In response to an FT article by Randall Kroszner on 30th July 2015, entitled 'A shipping disaster's lessons for Dodd-Frank'
http://www.ft.com/cms/s/0/5ca05faa-353c-11e5-bdbb-35e55cbae175.html#ixzz3hQ3K0tQC
The most useful part of Dodd Frank was neutered just before Christmas when an amendment was added to the budget that effectively put the FDIC back on the hook for derivative losses. I.E. Moral Hazard was reinstated in law. The legislation was cut and paste from a piece written by Citi and JPM spent a week on the phone lobbying Congressmen keen to get home for Christmas.
Dodd Frank now exists, poor impotent creature of 2300 pages that it is...because the mere 37 pages of Glass-Steagall doesn't. The latter was scrapped courtesy of Messrs Clinton, Rubin and Summers, none of whom seem to know much about markets or human nature. What they do seem to understand however, is Beltway politics. And as Beltway politicians they have built careers on their ability to avoid any personal accountability for poor decisions, ignore moral hazard as the cost of doing business, and speak out of both sides of their mouths at the same time.
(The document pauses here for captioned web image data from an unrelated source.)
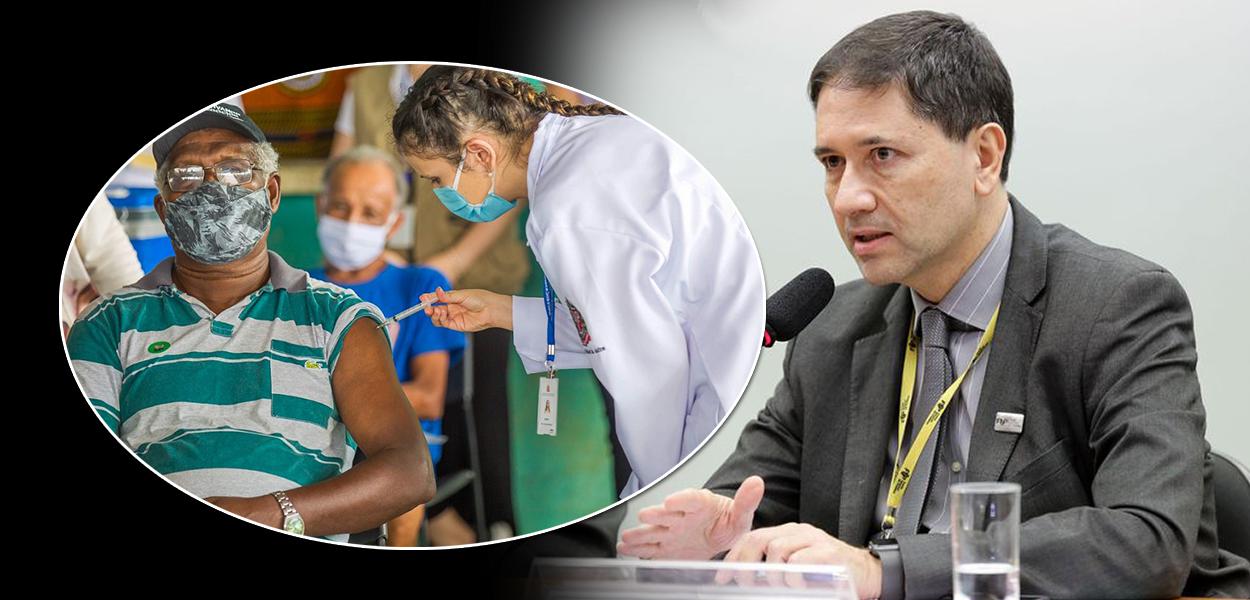 Vacinação e Gilberto Perre
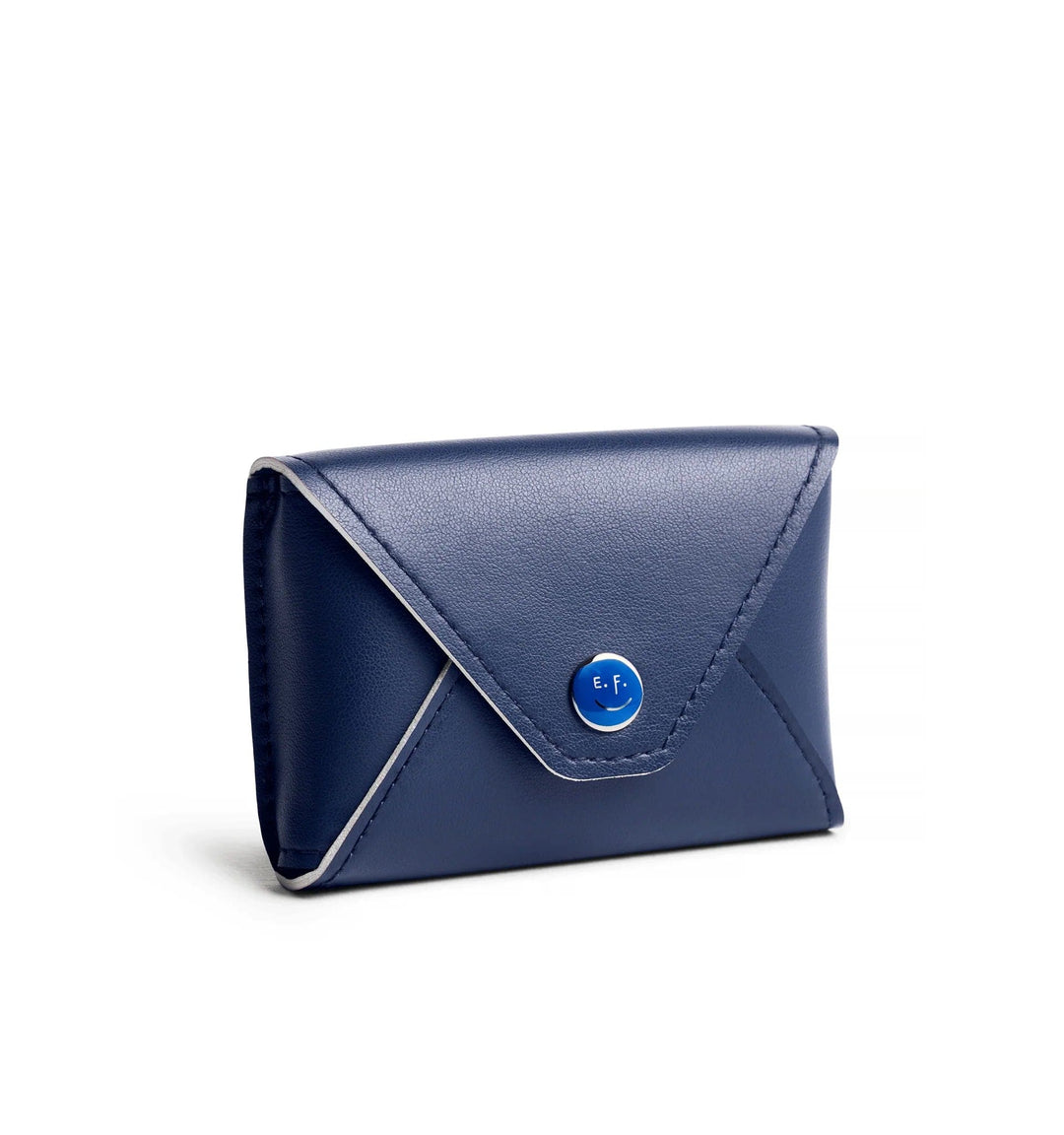 E. Frances Paper Card Holder E. Frannie Pack - Navy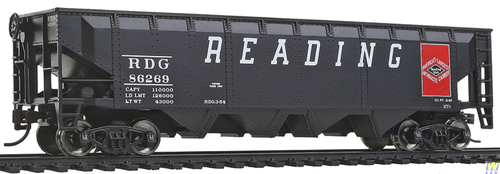 1422 HO Scale TL Hopper RDG Model with Unique Design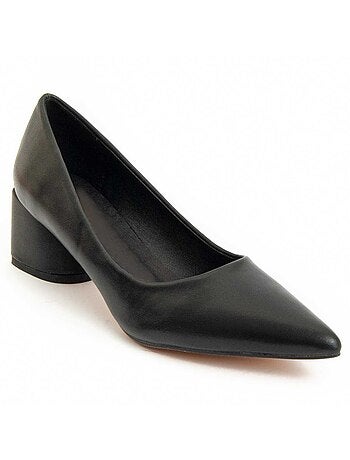 Chaussure à Talons Hauts Matière Synthétique Et Textile Montevita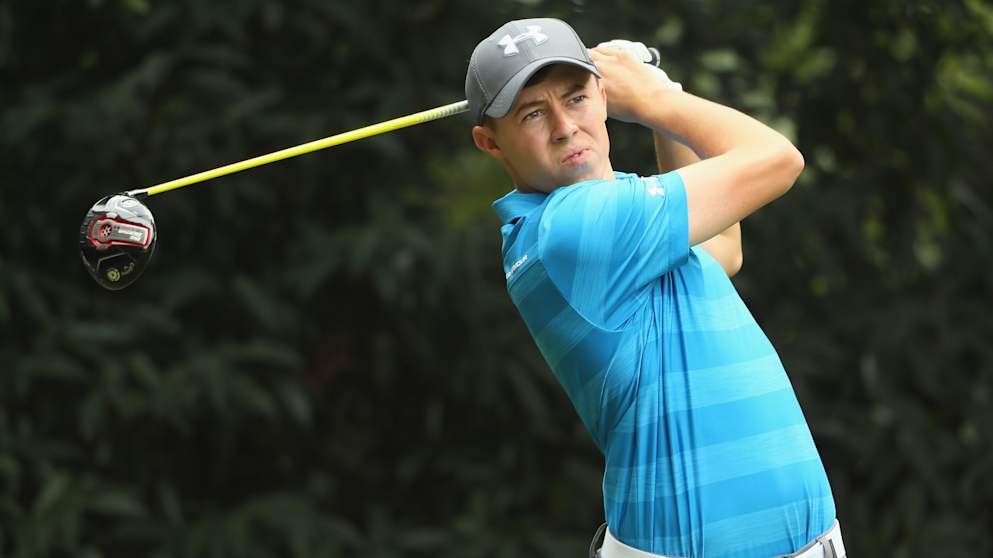 Matt Fitzpatrick ahead of the WGC-HSBC Champions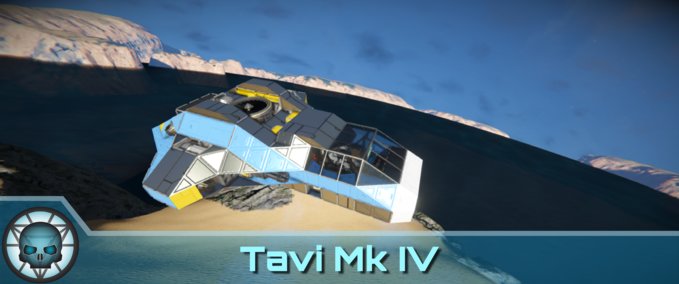 Blueprint Tavi Mk IV Space Engineers mod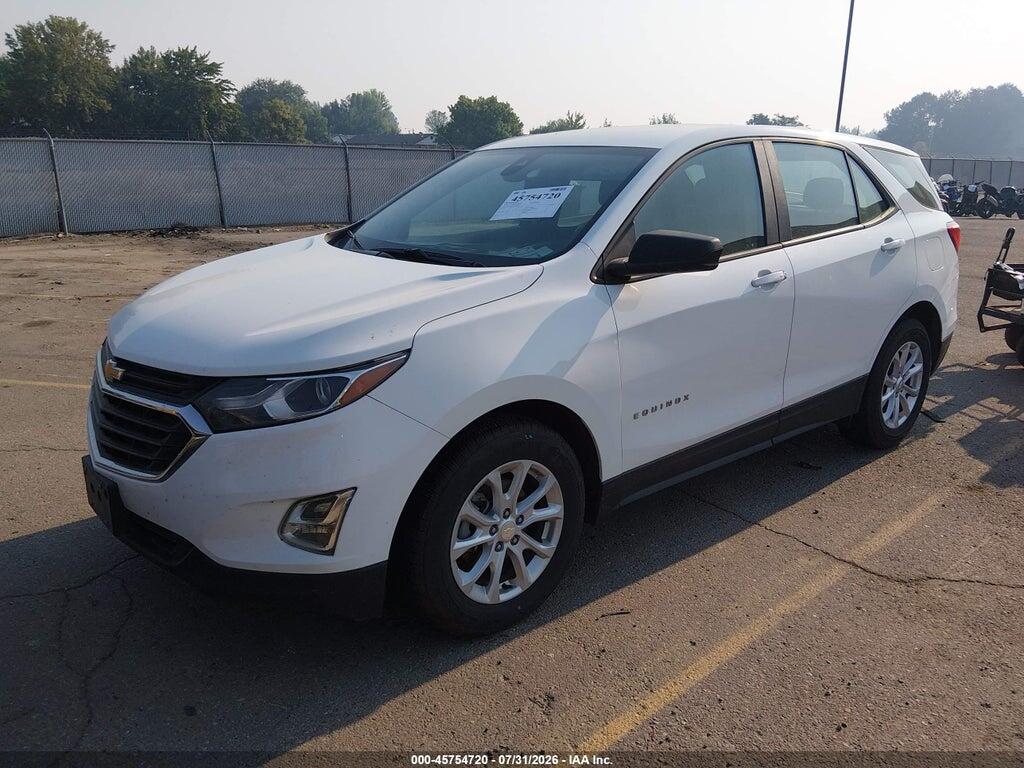 3GNAXHEV3LS602415 2020 CHEVROLET EQUINOX photo no. 2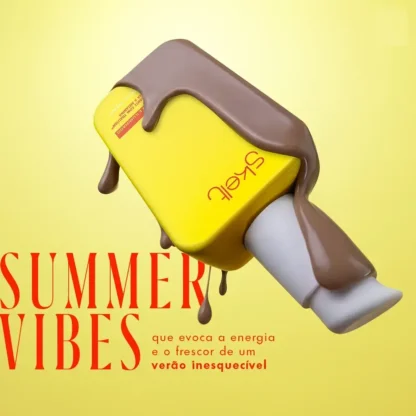 Acelerador de Bronzeado Summer Vibes Skelt 170ml - Imagem 3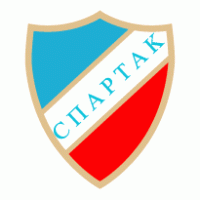 Spartak Pleven (old logo) logo vector logo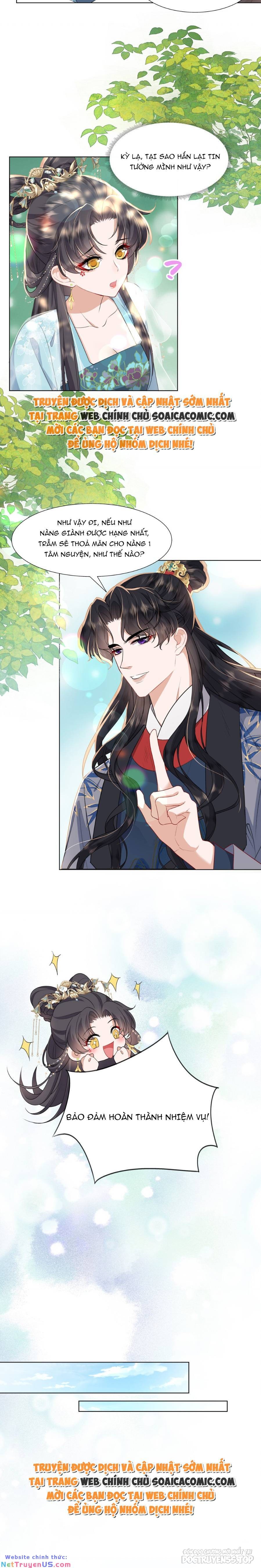 nương nương mỗi này đều trốn không muốn sủng hạnh chapter 10 4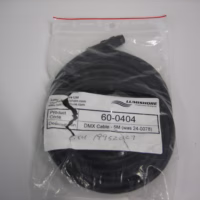 Lumishore DMX Extension Cable - 5m - Part Number 60-0404 - NEW (old pn 24-0078)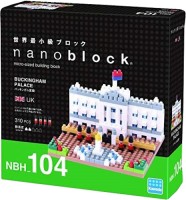 Photos - Construction Toy Nanoblock Buckingham Palace NBH_104 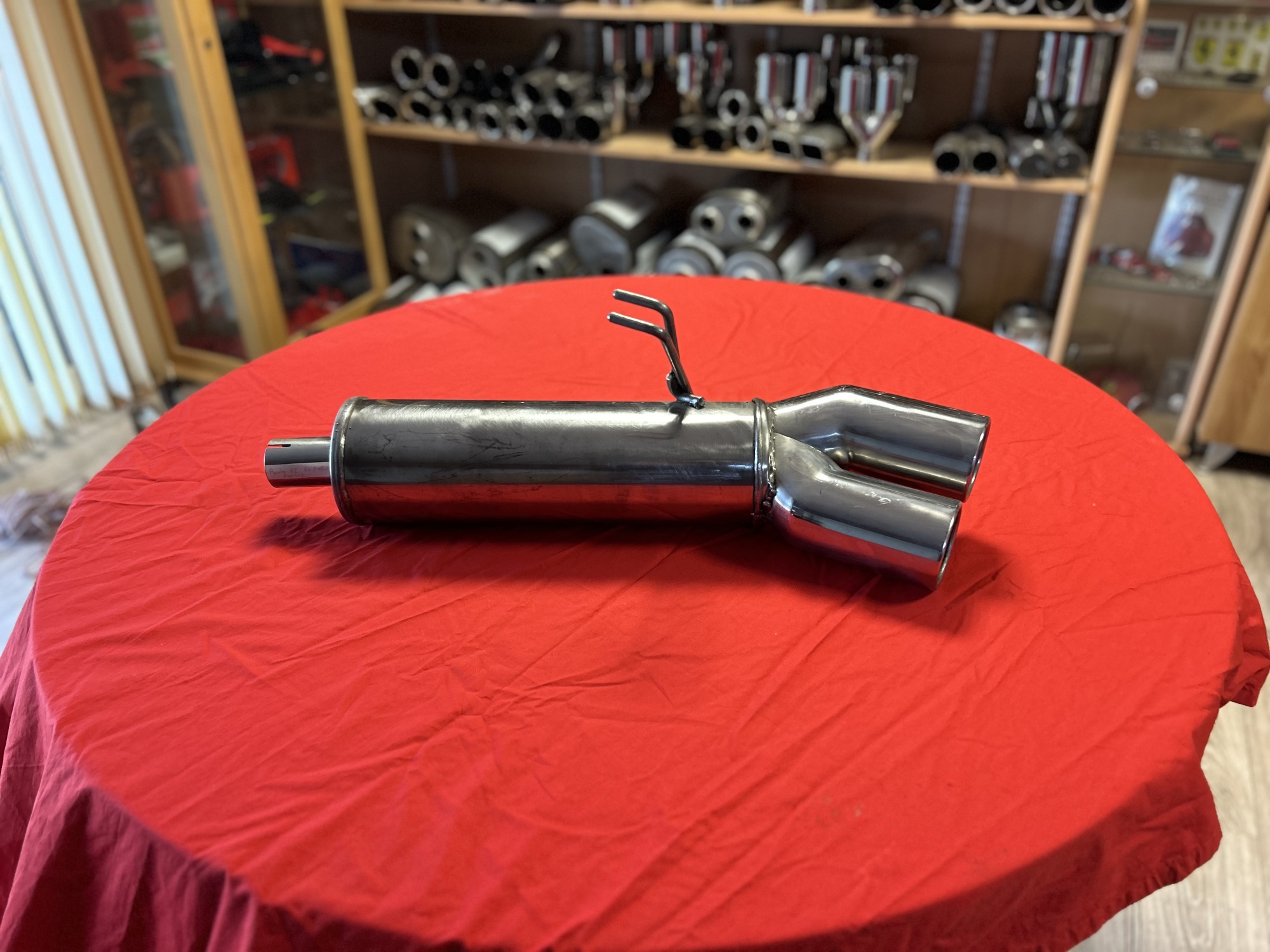 Échappement Fiat Punto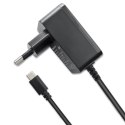 Ładowarka Super FAST PD for Raspberry PI 4 | USB-C | 15W | 5V | 3A | Czarna Qoltec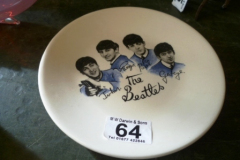 064-Beatles-Plate-by-Washington-Pottery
Using your analogy, we need boats designed by people who understand what a safe ship looks like, how to sail one, and how passengers will react in a crisis. It would also be a good idea if the landlubbers who took away a set of simple rules that prevented banks from being casinos, weren't still pontificating on maritime matters several years after their particular Titanic went down.